OpenTelemetry provides a vendor-neutral standard for instrumentation. We can leverage the OpenTelemetry PHP SDK and integrate it with AWS X-Ray for backend tracing. First, install the necessary components:

composer require open-telemetry/sdk
composer require open-telemetry/exporter-aws
composer require open-telemetry/auto-instrumentation-http
composer require open-telemetry/auto-instrumentation-psr18
composer require open-telemetry/auto-instrumentation-pdo

Next, configure the OpenTelemetry SDK. This typically involves setting up a tracer provider and an exporter.

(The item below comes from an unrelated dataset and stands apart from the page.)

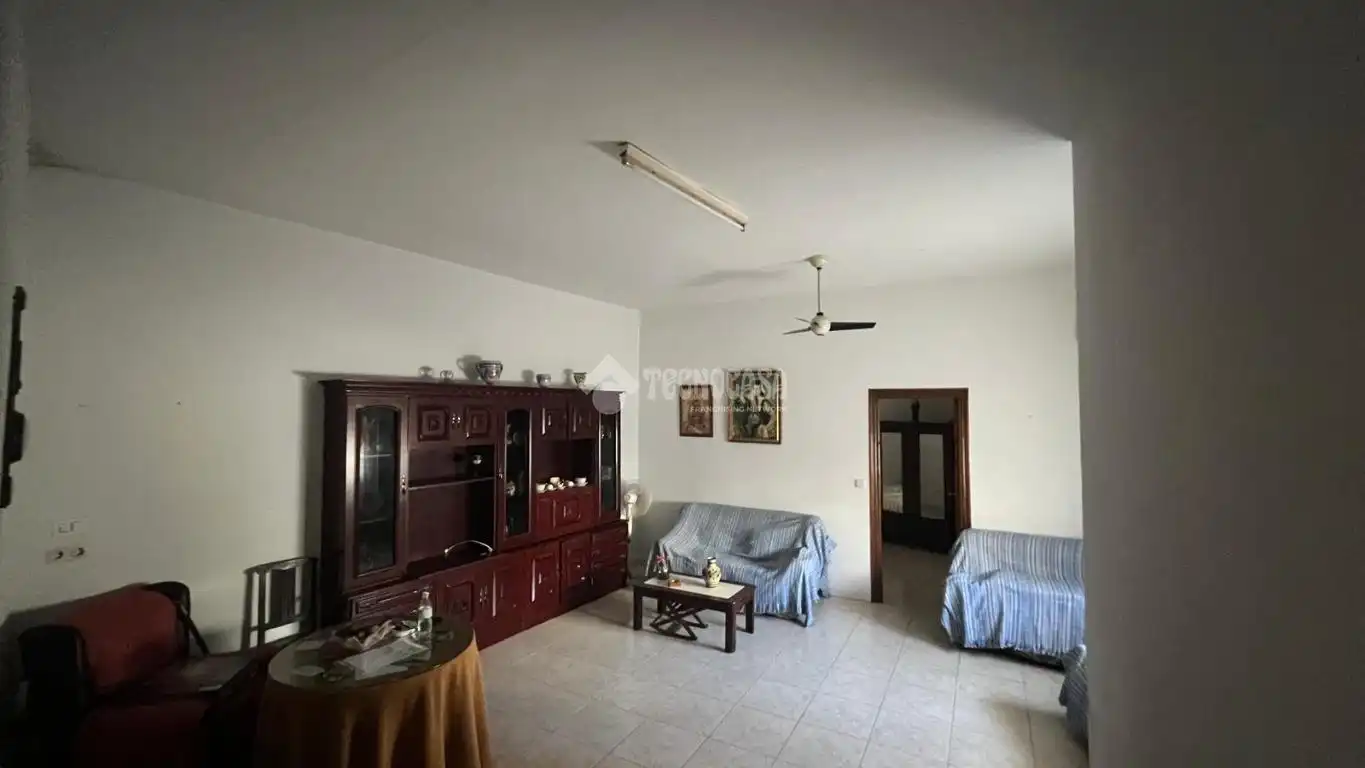Sala de estar de Casa adosada en venta en Lagartera con Terraza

For AWS X-Ray, you’ll need the AWS SDK for PHP and appropriate IAM permissions for your EC2 instance or ECS task to send traces to X-Ray.

<?php
require __DIR__ . '/vendor/autoload.php';

use OpenTelemetry\API\Trace\TracerProviderInterface;
use OpenTelemetry\SDK\Trace\TracerProvider;
use OpenTelemetry\SDK\Trace\SpanProcessor\BatchSpanProcessor;
use OpenTelemetry\SDK\Trace\Sampler\AlwaysOnSampler;
use OpenTelemetry\SDK\Common\Export\Http\Psr18ClientFactory;
use OpenTelemetry\SDK\Trace\SpanExporter\ConsoleExporter; // For local debugging
use OpenTelemetry\Extension\Xray\XrayExporter; // AWS X-Ray Exporter

// --- Configuration ---
$serviceName = getenv('OTEL_SERVICE_NAME') ?: 'my-php-app';
$awsRegion = getenv('AWS_REGION') ?: 'us-east-1';
$xrayEndpoint = getenv('XRAY_ENDPOINT') ?: "http://localhost:2000/v1/traces"; // Default X-Ray daemon endpoint

// --- Tracer Provider Setup ---
$tracerProvider = new TracerProvider(
    new AlwaysOnSampler(),
    new BatchSpanProcessor(
        // Use ConsoleExporter for local debugging
        // new ConsoleExporter(),

        // Use XRayExporter for AWS deployment
        new XrayExporter(
            $awsRegion,
            $serviceName,
            Psr18ClientFactory::default()->create(),
            $xrayEndpoint
        )
    )
);

// Register the tracer provider globally
OpenTelemetry\API\GlobalTracerProvider::set($tracerProvider);

// --- Auto-instrumentation ---
// HTTP instrumentation (for incoming requests and outgoing HTTP clients)
OpenTelemetry\AutoInstrumentation\Http\HttpInstrumentation::register();

// PSR-18 client instrumentation (if you use libraries like GuzzleHttp)
OpenTelemetry\AutoInstrumentation\Psr18\Psr18Instrumentation::register();

// PDO instrumentation (crucial for database calls)
OpenTelemetry\AutoInstrumentation\Pdo\PdoInstrumentation::register();

// --- Example Usage (within your application logic) ---
$tracer = OpenTelemetry\API\GlobalTracerProvider::getTracerProvider()->getTracer('my-app-tracer');

// Example: Tracing a specific business logic operation
$span = $tracer->spanBuilder('process_user_request')->startSpan();
try {
    // Your application logic here...
    // Example: Making a database call (will be auto-instrumented by PDOInstrumentation)
    $db = new PDO('pgsql:host=your_db_host;dbname=your_db_name', 'db_user', 'db_password');
    $stmt = $db->prepare("SELECT * FROM users WHERE id = :id");
    $stmt->execute([':id' => 1]);
    $user = $stmt->fetch();

    // Example: Making an external API call
    $client = new \GuzzleHttp\Client();
    $response = $client->request('GET', 'https://api.example.com/data');

    $span->setAttribute('user.id', 1);
    $span->setAttribute('http.status_code', 200);

    $span->end();
} catch (\Throwable $e) {
    $span->recordException($e);
    $span->setStatus(\OpenTelemetry\API\Trace\StatusCode::STATUS_ERROR, $e->getMessage());
    $span->end();
    throw $e; // Re-throw the exception
}

// Ensure spans are flushed before application exit
register_shutdown_function(function () use ($tracerProvider) {
    $tracerProvider->shutdown();
});

?>

In a production AWS environment, you would typically run the X-Ray daemon as a separate container or service on your EC2 instances or within your ECS/EKS cluster. The `XRAY_ENDPOINT` environment variable in the script should point to the X-Ray daemon’s UDP endpoint (default is `localhost:2000`). Ensure your IAM role has permissions like xray:PutTraceSegments and xray:PutTelemetryRecords.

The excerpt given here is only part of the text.